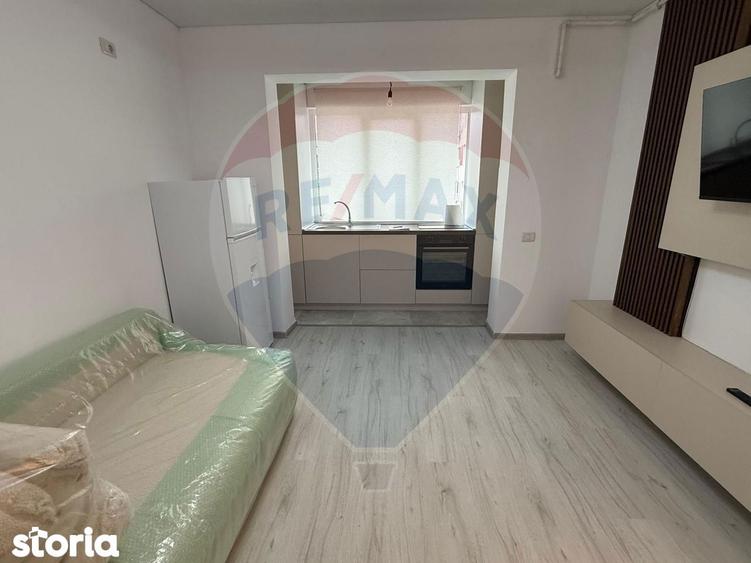 VANZARE Apartament cu 2 camere in zona Militari Residence - 14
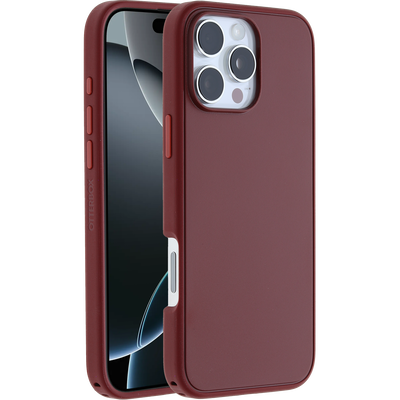 iPhone 16 Pro Max Case | Symmetry Series for MagSafe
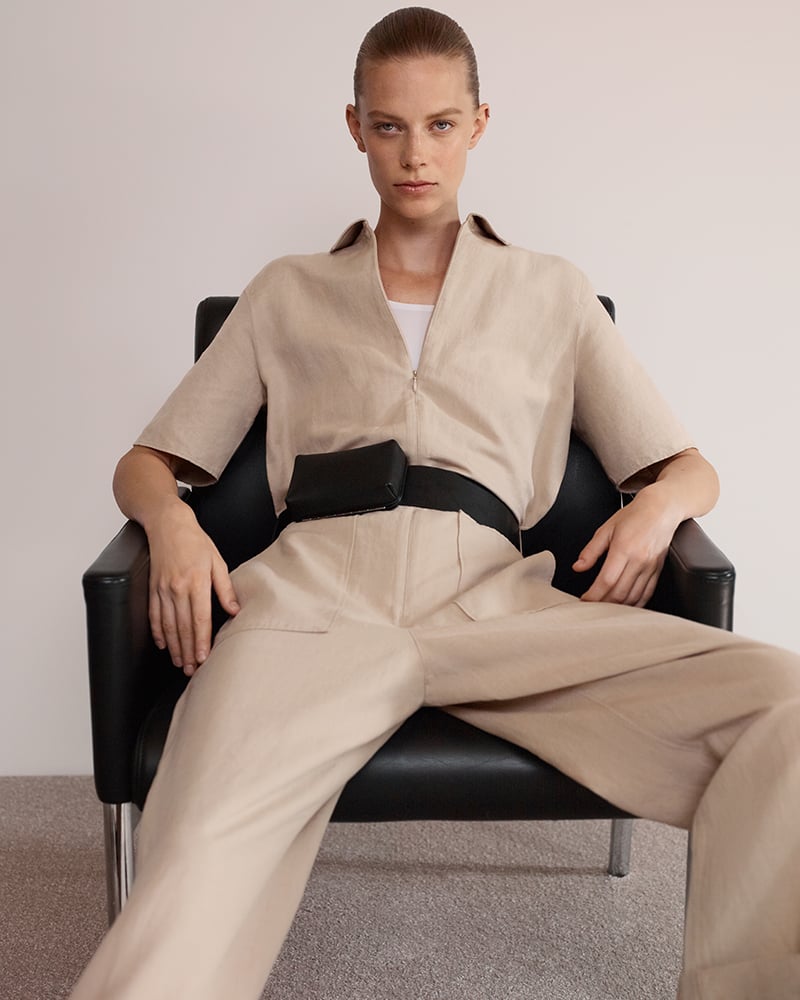 dubai weekend guide shopping summer tailoring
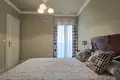 Apartamento 4 habitaciones 290 m² Španjolska, Španjolska
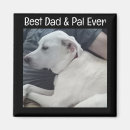 Recherche de beau père magnets Dad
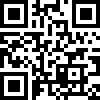 https://isna.ir/xdVMVM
═══
■ Exercise goal
Output the full listing verbatim, but drop the images.

■ Reply to the exercise
 VANZARE Apartament cu 2 camere in zona Militari Residence - 14
 iPhone 16 Pro Max Case | Symmetry Series for MagSafe
 dubai weekend guide shopping summer tailoring
 Apartamento 4 habitaciones 290 m² Španjolska, Španjolska
 Recherche de beau père magnets Dad
 https://isna.ir/xdVMVM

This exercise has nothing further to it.